Quote:
Originally Posted by Turbocapitalist
1. The text-base web browser, lynx, has a -dump option which will interpret and lay out the web page for you as plain text:
the problem with gumbo library is that it is unreadable because of the numerous links / jpg / png,...svg and stuffs that make not possible to be readable as a book.
Code:
lynx -dump http://www.example.com/
Or are you looking for some C library?
|
I tried to make with in C with stdin read ... not easy because there is gumbo but I want something static.
I can now parse a bit the html code but it is not easy to make from scratch.
If you have a static to parse and so same as html2txt, I take fairly... I'd like to have something portable, working even windows with basics: stdio string stdlib (min).

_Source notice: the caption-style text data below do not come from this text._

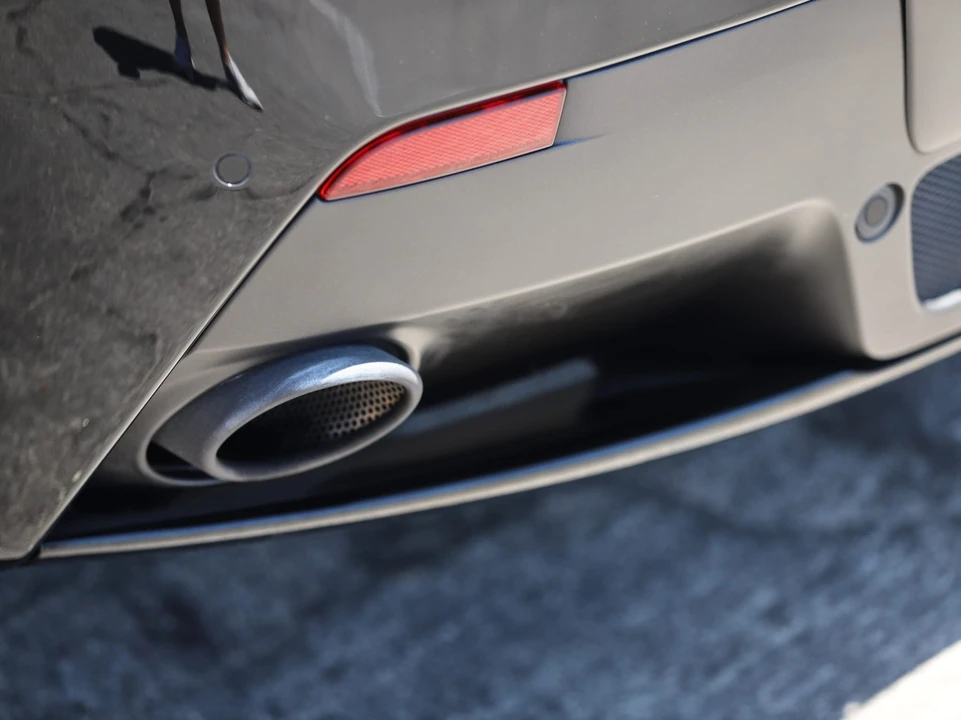 2014 Aston Martin V8 Vantage (2006-2017) - Image 19 of 31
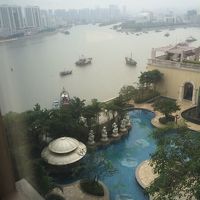 泊まった部屋の窓から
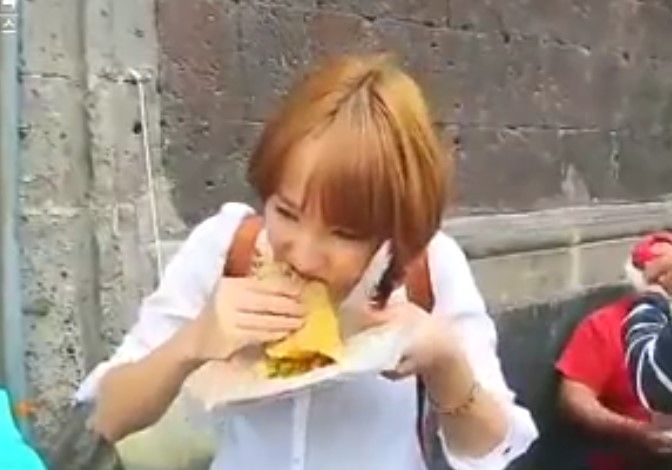 Video: chef coreana come quesadillas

I have this main list of a ebook:
https://pastebin.com/raw/84YFd4VA
From each line, one do fetch the html (render) wikipage:
Code:
// wiki format
//https://en.wikipedia.org/w/index.php?action=raw&title=Linux
// make html
// https://en.wikipedia.org/w/index.php?action=render&title=Linux
// will make html file (html format)
So far, I got an ebook from wiki book with this :
Code:
ls *php* -1 | while read -r i ; do elinks -no-numbering -no-references "$i" >> merge4.txt ; done
it does still look readable for an ebook, but it could be better.
Maybe it could be nice to have an index.html that redirects to the html or txt pages.
TXT is better since it goes faster on an ebook. An ebook takes time to (low ressoure) to render an html document, thus, txt is much better.